In the past few days I've been reading a bit about SEO and trying to understand more about what makes a Web Site be SEO (Search-Engine-Optimized) and what are some of the typical headaches when trying to achieve that as well as how we can implement them in IIS.
Today I decided to post how you can make your Web Site running IIS 7.0 a bit "friendlier" to Search Engines without having to modify any code in your application. Being SEO is a big statement since it can include several things, so for now I will scope the discussion to 3 things that can be easily addressed using the IIS URL Rewrite Module:
Basically the goal of canonicalization is to ensure that the content of a page is only exposed as a unique URI. The reason this is important is because even though for humans it's easy to tell that http://www.carlosag.net is the same as http://carlosag.net, many search engines will not make any assumptions and keep them as two separate entries, potentially splitting the rankings of them lowering their relevance. Another example of this is http://www.carlosag.net/default.aspx and http://www.carlosag.net/. You can certainly minimize the impact of this by writing your application using the canonical forms of your links, for example in your links you can always link to the right content for example: http://www.carlosag.net/tools/webchart/ and remove the default.aspx, however that only accounts for part of the equation since you cannot assume everyone referencing your Web Site will follow this carefully, you cannot control their links.

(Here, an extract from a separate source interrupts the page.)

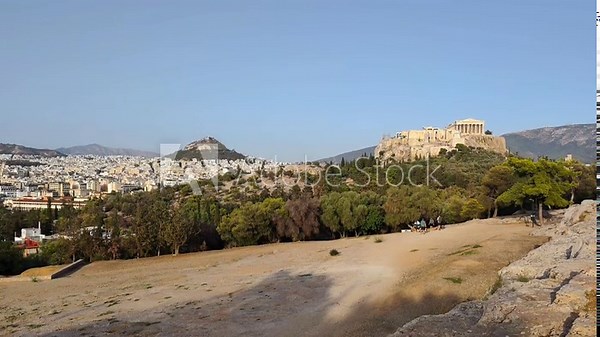 View of Pnyx Hill in Athens, Greece the historic gathering place of ancient democratic assemblies, with the majestic Parthenon and the iconic Lycabettus Hill rising gracefully in the background.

This is when URL Rewrite comes into play and truly solves this problem.
URL Rewrite can help you redirect when the users type your URL in a way you don't unnecessarily want them to, for example just carlosag.net. Choosing between using WWW or not is a matter of taste but once you choose one you should ensure that you guide everyone to the right one. The following rule will automatically redirect everyone using just carlosag.net to www.carlosag.net. This configuration can be saved in the Web.config file in the root of your Web Site.Note that I'm only including the XML in this blog, however I used IIS Manager to generate all of these settings so you don't need to memorize the XML schema since the UI includes several friendly capabilities to generate all of these..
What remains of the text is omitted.